● **Task goal**: Each line of data below must be printed exactly as written, with any pictures removed.

● **Excerpted records**:
•••

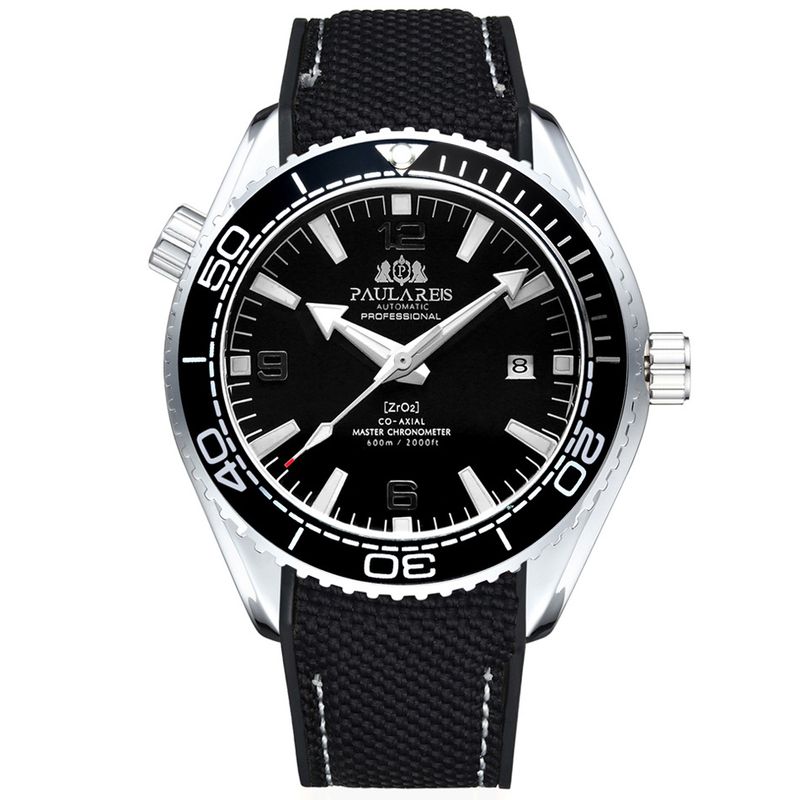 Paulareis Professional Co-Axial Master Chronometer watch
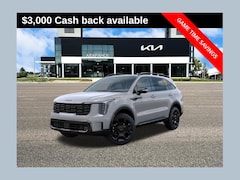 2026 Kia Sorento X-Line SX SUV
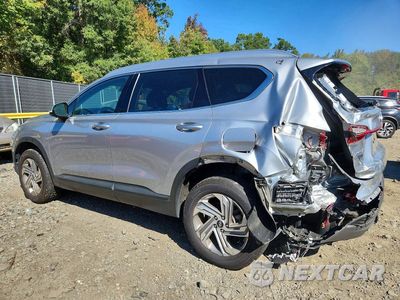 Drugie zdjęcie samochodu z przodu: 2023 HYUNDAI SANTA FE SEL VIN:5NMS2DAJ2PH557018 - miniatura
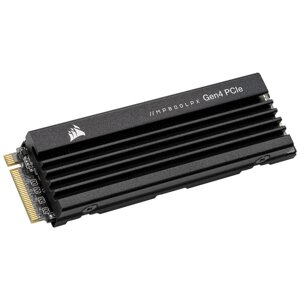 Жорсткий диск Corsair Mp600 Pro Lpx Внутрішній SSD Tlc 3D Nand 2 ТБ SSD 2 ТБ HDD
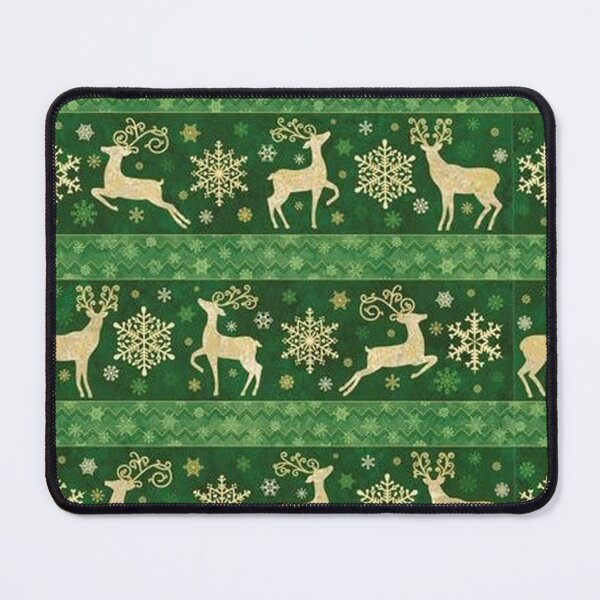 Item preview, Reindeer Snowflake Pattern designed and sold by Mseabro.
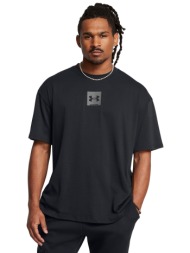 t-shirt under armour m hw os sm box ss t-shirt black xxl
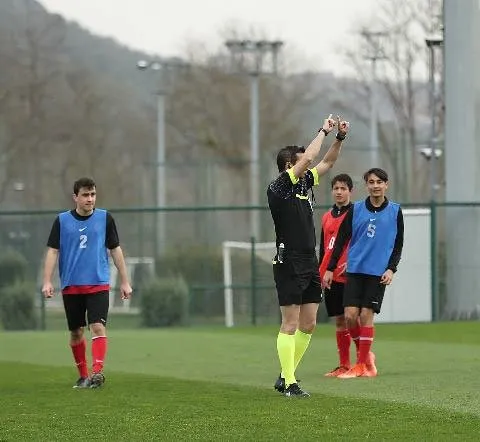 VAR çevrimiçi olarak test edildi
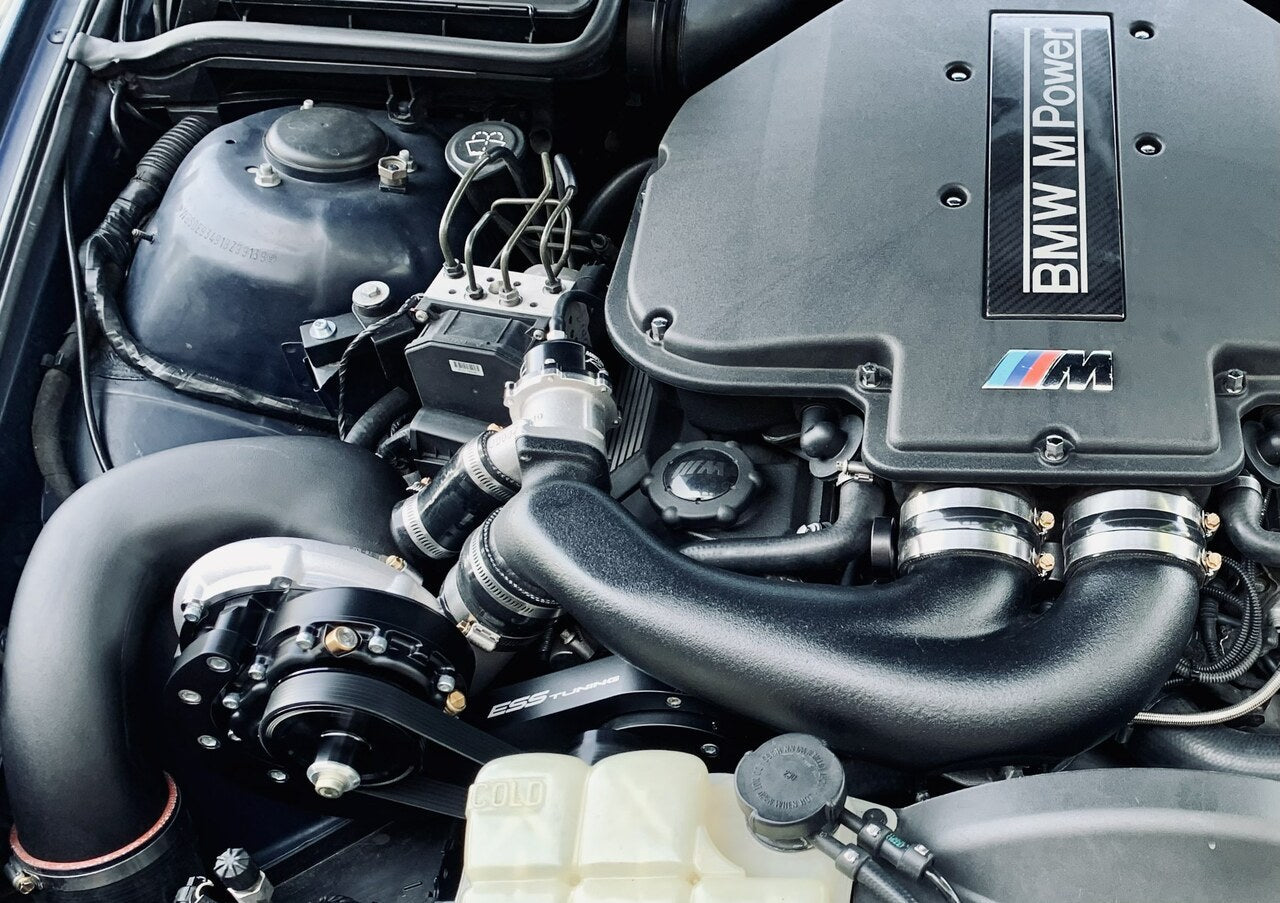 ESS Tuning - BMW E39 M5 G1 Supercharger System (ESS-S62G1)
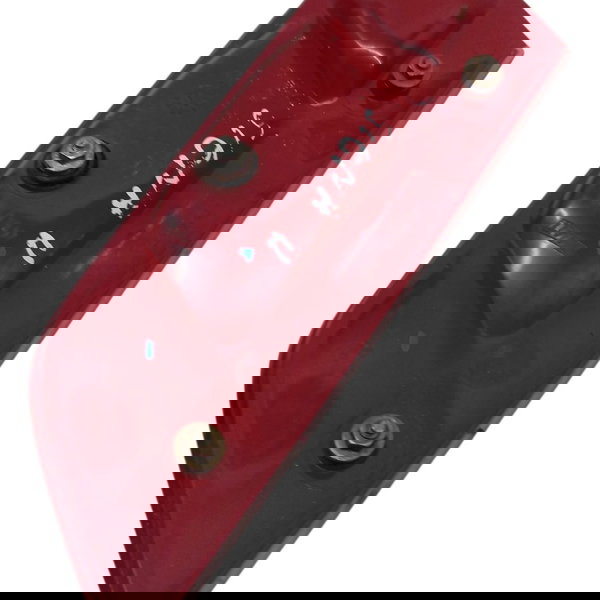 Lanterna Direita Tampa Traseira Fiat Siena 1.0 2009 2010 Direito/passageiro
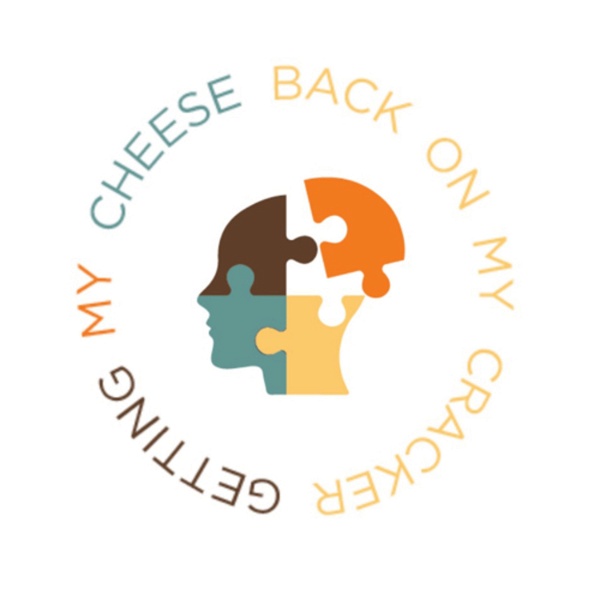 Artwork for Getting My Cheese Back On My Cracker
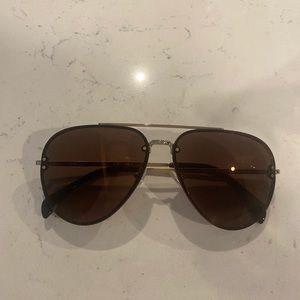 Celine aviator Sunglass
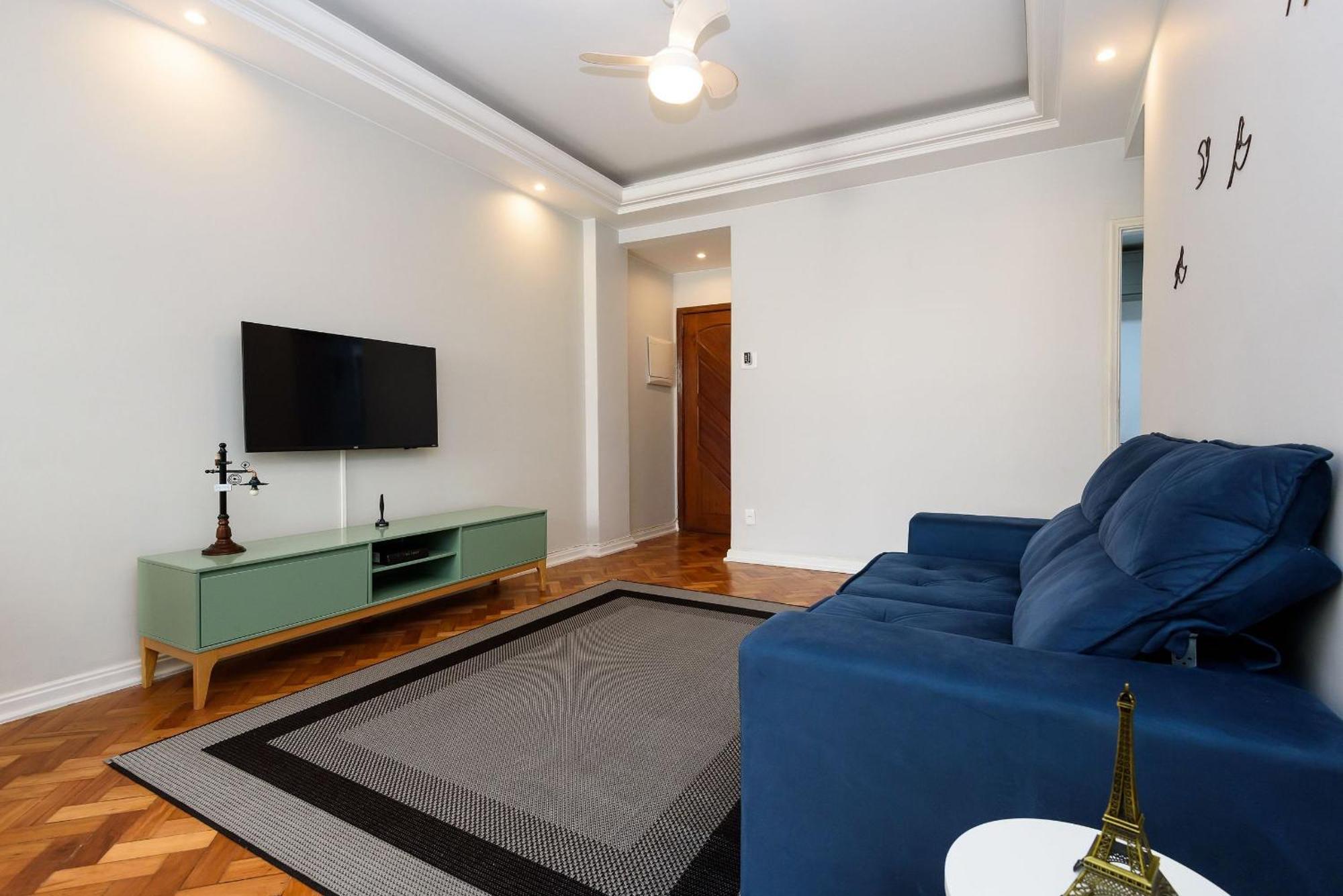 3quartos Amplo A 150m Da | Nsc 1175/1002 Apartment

•••

● **Finished task**:
 Paulareis Professional Co-Axial Master Chronometer watch
 2026 Kia Sorento X-Line SX SUV
 Drugie zdjęcie samochodu z przodu: 2023 HYUNDAI SANTA FE SEL VIN:5NMS2DAJ2PH557018 - miniatura
 Жорсткий диск Corsair Mp600 Pro Lpx Внутрішній SSD Tlc 3D Nand 2 ТБ SSD 2 ТБ HDD
 Item preview, Reindeer Snowflake Pattern designed and sold by Mseabro.
 t-shirt under armour m hw os sm box ss t-shirt black xxl
 VAR çevrimiçi olarak test edildi
 ESS Tuning - BMW E39 M5 G1 Supercharger System (ESS-S62G1)
 Lanterna Direita Tampa Traseira Fiat Siena 1.0 2009 2010 Direito/passageiro
 Artwork for Getting My Cheese Back On My Cracker
 Celine aviator Sunglass
 3quartos Amplo A 150m Da | Nsc 1175/1002 Apartment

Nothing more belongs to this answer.